Site Reliability Engineering (SRE) Exporter#

Overview#

The SRE Exporter is a service running in Edge Orchestrator that perpetually collects a subset of metrics from both Edge Orchestrator services and the Edge Nodes, and exports them to a configured external destination server using the Prometheus Remote-Write Protocol.

The SRE Exporter is intended to enhance the reliability of Edge Orchestrator by allowing it to store and monitor its essential metrics within an independent Site Reliability Engineering (SRE) system. Such an SRE system may implement its data retention policy and provide SRE functions like performance monitoring, incident management, on-call management, and so on. The SRE Exporter allows for monitoring the following metrics:

  • Edge Orchestrator API success rate and latency.

  • Edge Orchestrator cluster nodes saturation metrics (CPU and memory).

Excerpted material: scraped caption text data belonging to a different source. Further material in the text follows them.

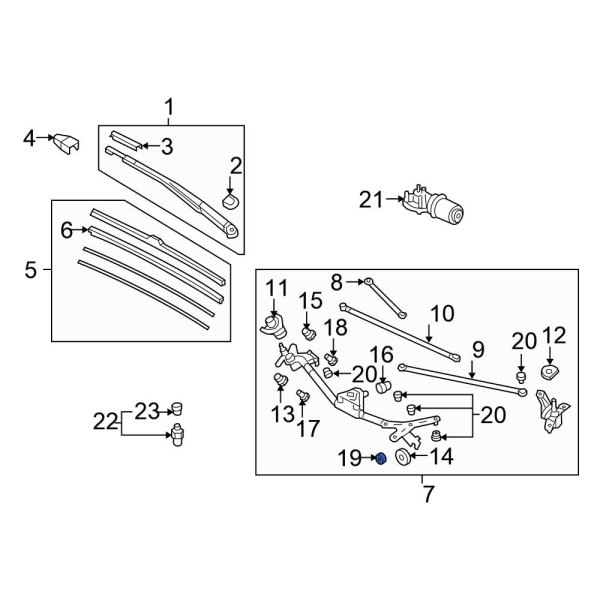 Windshield Wiper Linkage Washer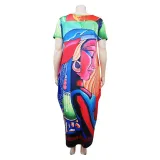 Plus Size Women Sleeveless Printed Maxi Dress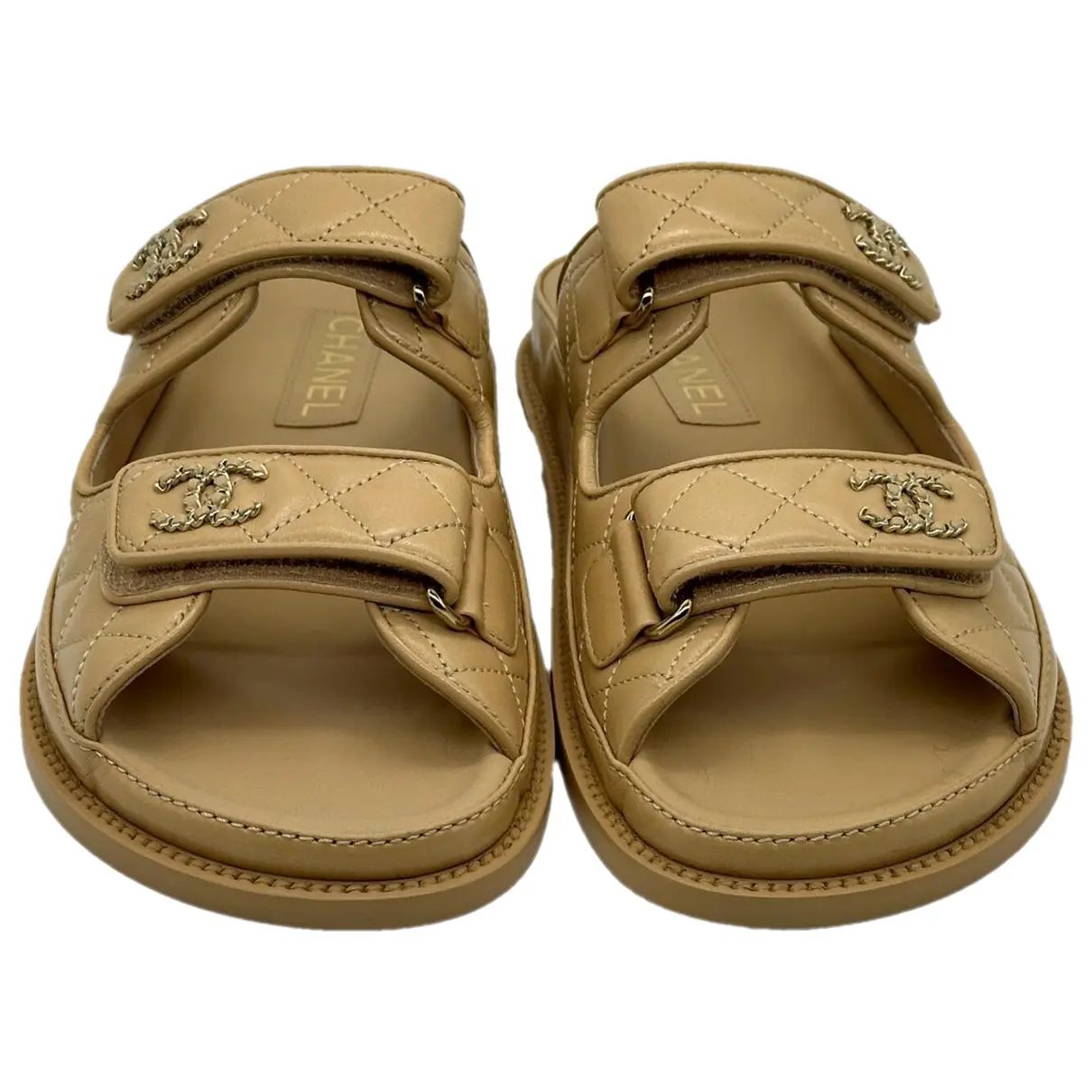 Dad sandals leather sandal Chanel Beige size 36 EU in Leather - 41999933 | Vestiaire Collective (Global)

  • Edge Orchestrator Vault status.

  • Edge Nodes metrics (CPU, memory, disk, temperature) across all organizations and projects.

Architecture Diagram#

System Context diagram for SRE Exporter operation

Key Components#

SRE Exporter consists of the following sub-components:

  1. metrics-exporter collects metrics from Edge Orchestrator Observability, Edge Node Observability, and Vault instances.

  2. otel-collector scrapes metrics-exporter and exports data to the external destination.

  3. config-reloader exposes gRPC API to reload configuration for handling Multitenancy.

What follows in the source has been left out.